Amnesty International Secretary General Salil Shetty answers GPS readers’ questions on the arms trade, social media and LGBT rights.
You’re at the United Nations in New York this week for discussions on a new conventional arms treaty. Nuclear arms, rockets, missiles – they tend to be what grabs headlines. Why should more attention be paid to what’s going on with conventional arms, and a treaty specifically?
There are two reasons why this is so important. First of all, the catastrophic human cost of the unregulated flow of conventional arms is mind numbing – the numbers are just unbelievable. There are half a million people dying every year. If you take the Democratic Republic of Congo, for example, then since 1998 almost 5 million people have died either directly or indirectly as a result of armed conflict and persecution.

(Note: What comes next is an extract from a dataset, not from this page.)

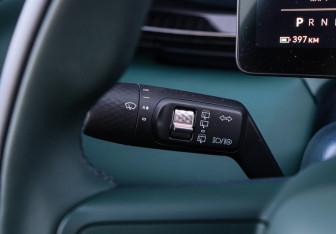 Подержанный автомобиль Zeekr X 2023 года (26 фото)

The people who are affected most are also the most marginalized. Often when we think of conventional arms, we think of soldiers who are dying, but civilians are also dying – woman, the elderly and children are dying, too. And most people are not aware of the extent to which arms are also used as a weapon in rape and other crimes of sexual violence. And it is not just women who are raped. We see gender based violence of a sexual nature against boys and sometimes men. Amnesty International’s work on the ground has shown so much evidence of this. This week, we released a report on Cote d’Ivoire. Another report my colleagues have been working on covers Guinea. There was a woman there who was being raped by a soldier, while another soldier was holding a gun to her head. Then there’s Mali. The research we did there had so many examples of child being conscripted, particularly by the militias. In the last couple of years, we have examples of almost 20 countries in which we have documented the use of child soldiers.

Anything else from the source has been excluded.